Maybe it's Michael Bublé's voice, reminiscent of a young Frank Sinatra, that resonates in some corner of Betty Byrd's Alzheimer's-riddled brain.
Then again, not so many years ago, she was fixated on Sting. Go figure.
Maybe it's Bublé's clean-cut good looks and good-guy persona. But then Byrd has been married 57 years to her own dreamboat, Tom Byrd, who has cared for her in their Raleigh home even as her condition has declined over the past three years.
"What is it about Michael Bublé?" asked Linda Kolarov, one of Byrd's daughters and a Raleigh real estate agent. "Who knows?"
And on some level, who cares?
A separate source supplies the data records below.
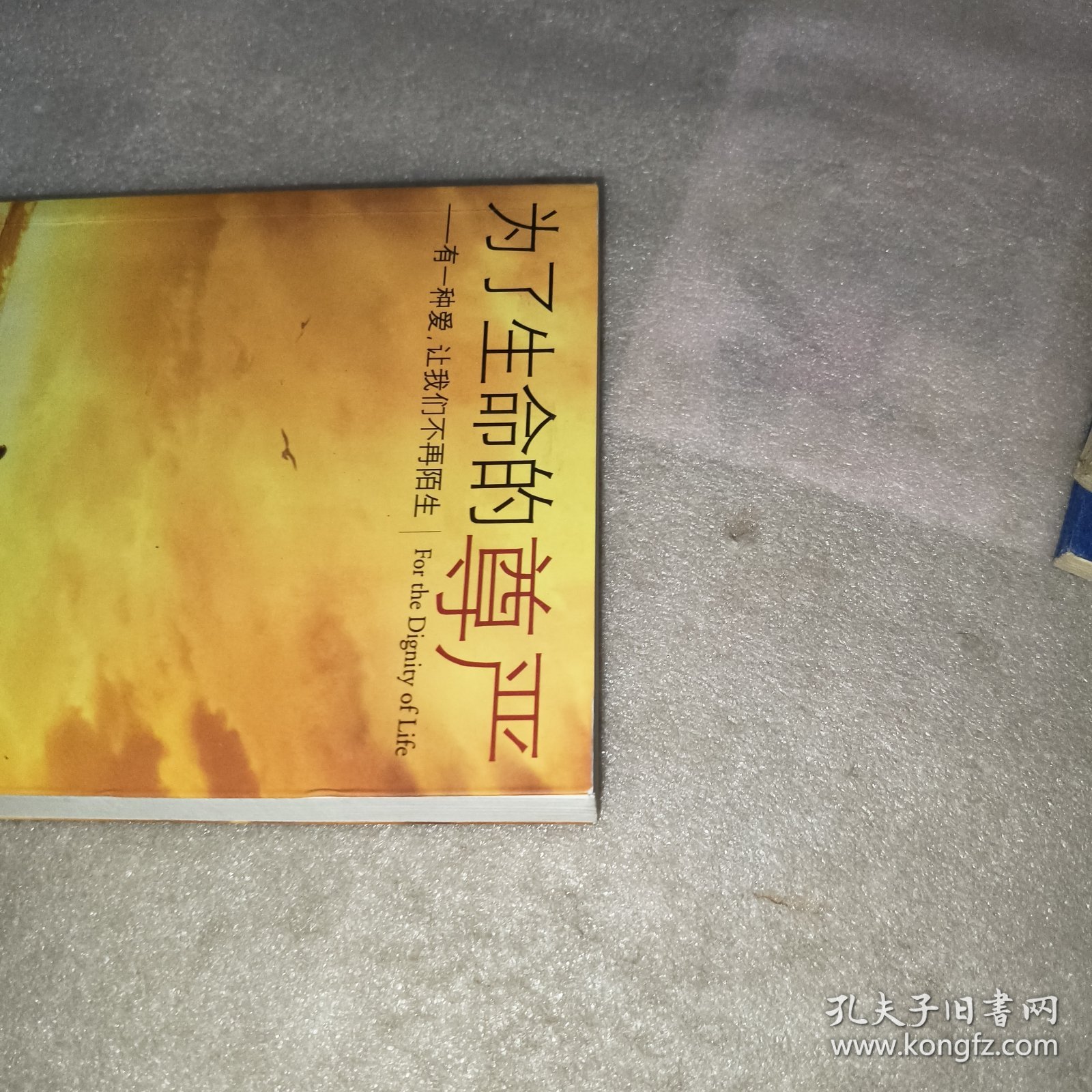 为了生命的尊严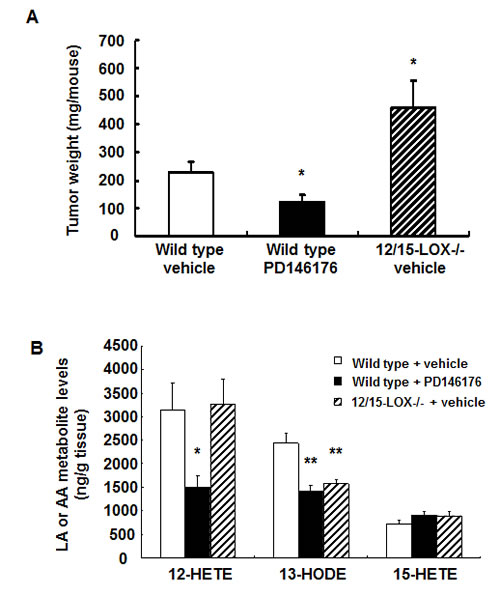 fig1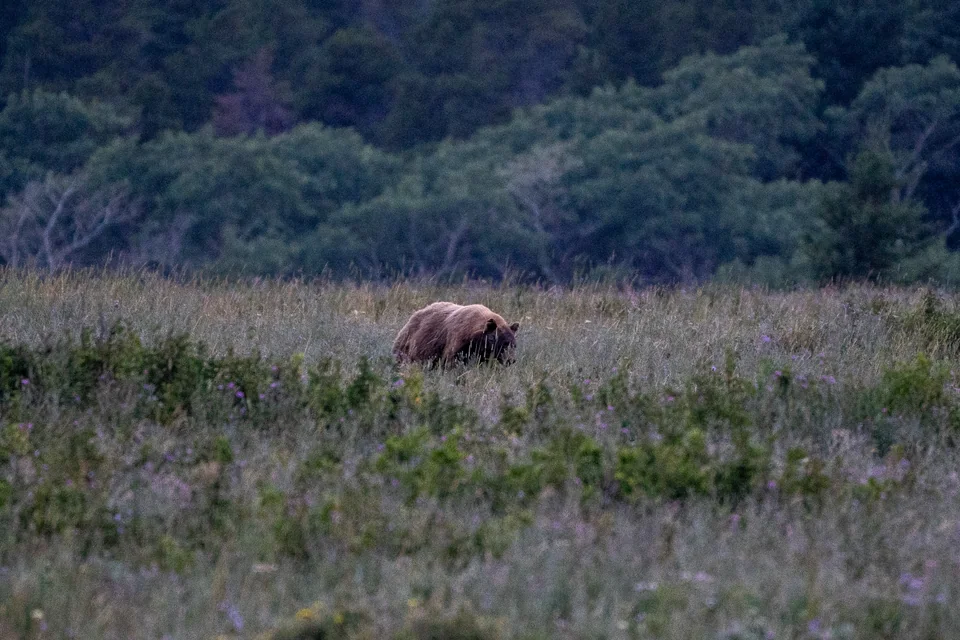 Shadow in the Meadow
What Byrd's husband and daughters know with certainty is that this 77-year-old woman - who struggles to remember what day it is, who believes long-deceased relatives are still alive, who gets confused about where she lives - finds rare peace, and rarer clarity, when it comes to Bublé and his music.
As anyone with a loved one who has Alzheimer's knows, after dealing with this heartbreaking disease for a while, you don't question the moments of clarity so much as you grab onto them, savor them, celebrate them.
More than that, you try to re-create them.
So when Bublé's concert tour stopped in Raleigh two years ago, Byrd was there. On the Byrds' anniversary June 27, they danced to music from a Bublé CD. And when Kolarov learned earlier this year that Bublé would perform at the RBC, on Betty Byrd's 77th birthday no less, she knew she had to get tickets.
She even tried to arrange a backstage visit with the star. No luck.
But even without a private audience, Bublé delivered. Or Byrd did.
All week, she seemed more tethered to reality, noting that Michael Bublé was coming in two days, talking about the music.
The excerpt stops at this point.